> _WHAT IS BEING ASKED_
All the lines below should appear again unchanged, though their pictures should not.

[PROVIDED MATERIAL Boundary: Start]

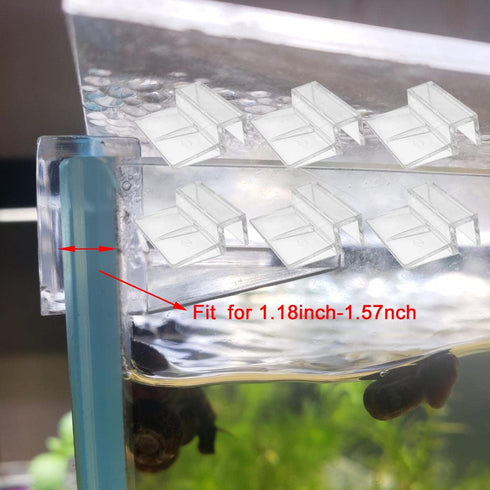 20 Pieces Aquarium Lid Clips 5mm for Rimless Aquarium Acrylic Fish Tank Glass Cover Clip Support Holder...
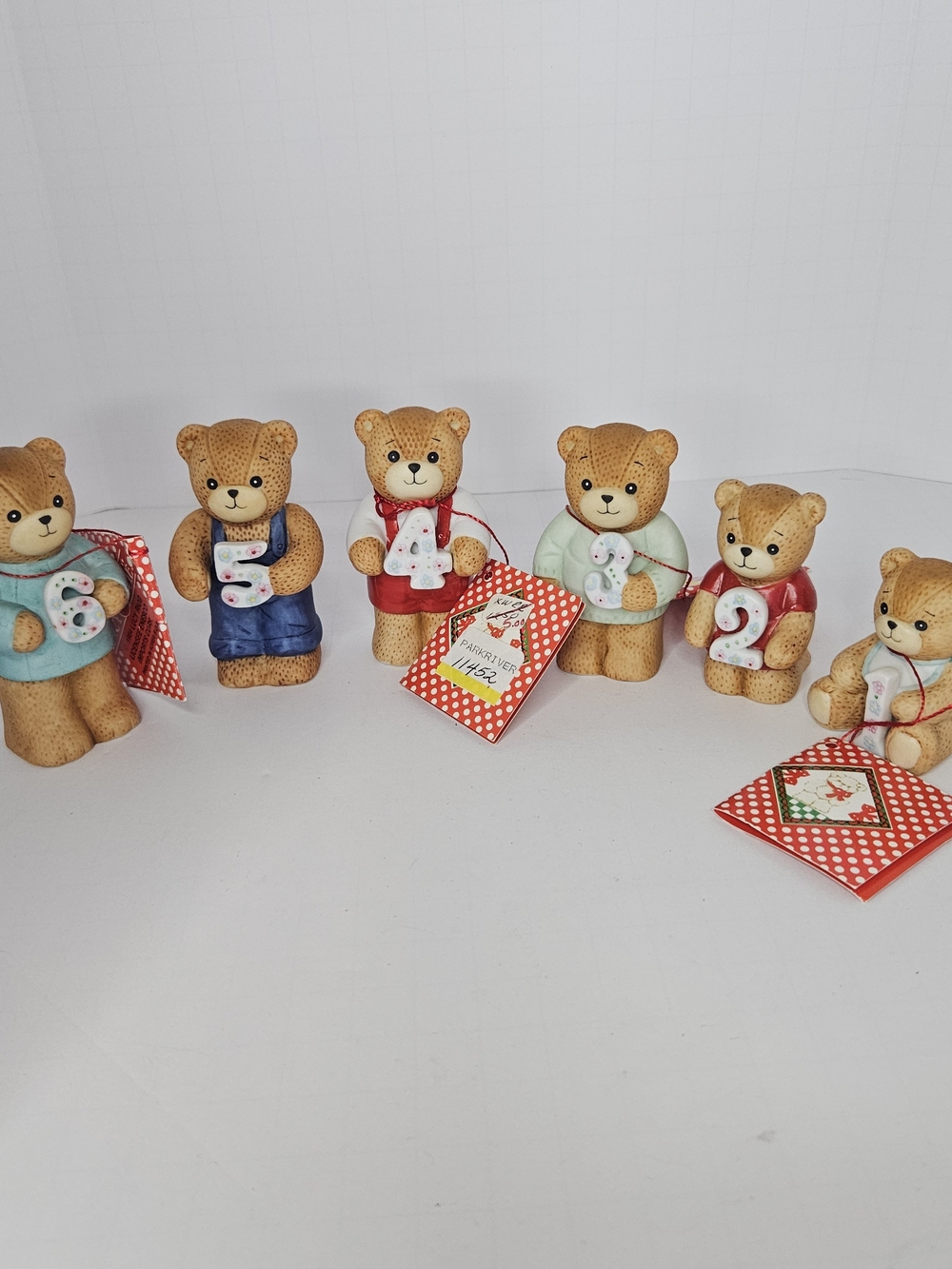 Vintage Lucy Riggs "Lucy & Me" Birthday Bears, Ages 1-6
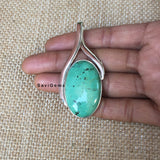 Natural Turquoise Sterling Silver Pendant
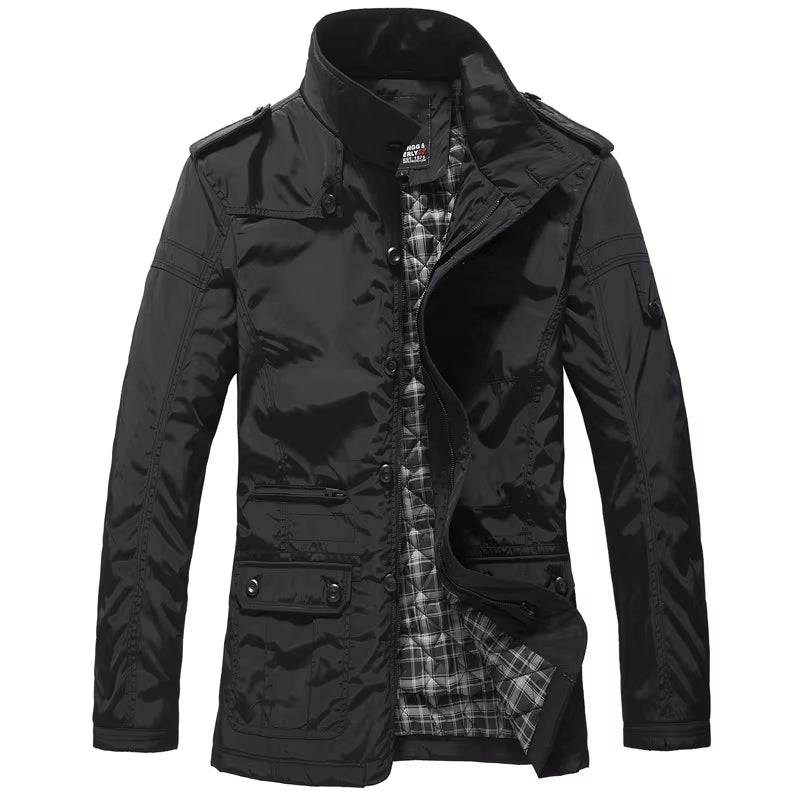 Mens Jackets Fashion Mens Anorak Hip Hop Streetwear Jackets Man Casual Slim Thin Windbreaker Overcoats Men Trench Coats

[PROVIDED MATERIAL Boundary: End]

> _TASK RESPONSE_
 20 Pieces Aquarium Lid Clips 5mm for Rimless Aquarium Acrylic Fish Tank Glass Cover Clip Support Holder...
 Vintage Lucy Riggs "Lucy & Me" Birthday Bears, Ages 1-6
 Natural Turquoise Sterling Silver Pendant
 Mens Jackets Fashion Mens Anorak Hip Hop Streetwear Jackets Man Casual Slim Thin Windbreaker Overcoats Men Trench Coats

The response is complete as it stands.